■ **What this task involves**: Only the lines from the top of the data through the line with "Ford KA - Image 11" should be repeated, each exactly as written.

■ **Raw data**:
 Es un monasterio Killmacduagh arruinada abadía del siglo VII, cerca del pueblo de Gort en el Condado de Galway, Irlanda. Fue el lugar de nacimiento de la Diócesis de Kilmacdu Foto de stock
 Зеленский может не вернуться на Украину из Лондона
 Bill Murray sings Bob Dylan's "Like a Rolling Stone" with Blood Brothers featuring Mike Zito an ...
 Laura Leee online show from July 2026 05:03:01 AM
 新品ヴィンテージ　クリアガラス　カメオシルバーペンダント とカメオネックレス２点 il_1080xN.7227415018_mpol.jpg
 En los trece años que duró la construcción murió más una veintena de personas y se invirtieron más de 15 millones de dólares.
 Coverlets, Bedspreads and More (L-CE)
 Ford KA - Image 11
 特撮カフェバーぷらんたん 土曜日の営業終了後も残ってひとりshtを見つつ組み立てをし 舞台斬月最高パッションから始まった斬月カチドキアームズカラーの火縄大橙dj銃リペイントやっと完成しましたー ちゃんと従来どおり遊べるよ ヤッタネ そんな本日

■ **Your response**:
 Es un monasterio Killmacduagh arruinada abadía del siglo VII, cerca del pueblo de Gort en el Condado de Galway, Irlanda. Fue el lugar de nacimiento de la Diócesis de Kilmacdu Foto de stock
 Зеленский может не вернуться на Украину из Лондона
 Bill Murray sings Bob Dylan's "Like a Rolling Stone" with Blood Brothers featuring Mike Zito an ...
 Laura Leee online show from July 2026 05:03:01 AM
 新品ヴィンテージ　クリアガラス　カメオシルバーペンダント とカメオネックレス２点 il_1080xN.7227415018_mpol.jpg
 En los trece años que duró la construcción murió más una veintena de personas y se invirtieron más de 15 millones de dólares.
 Coverlets, Bedspreads and More (L-CE)
 Ford KA - Image 11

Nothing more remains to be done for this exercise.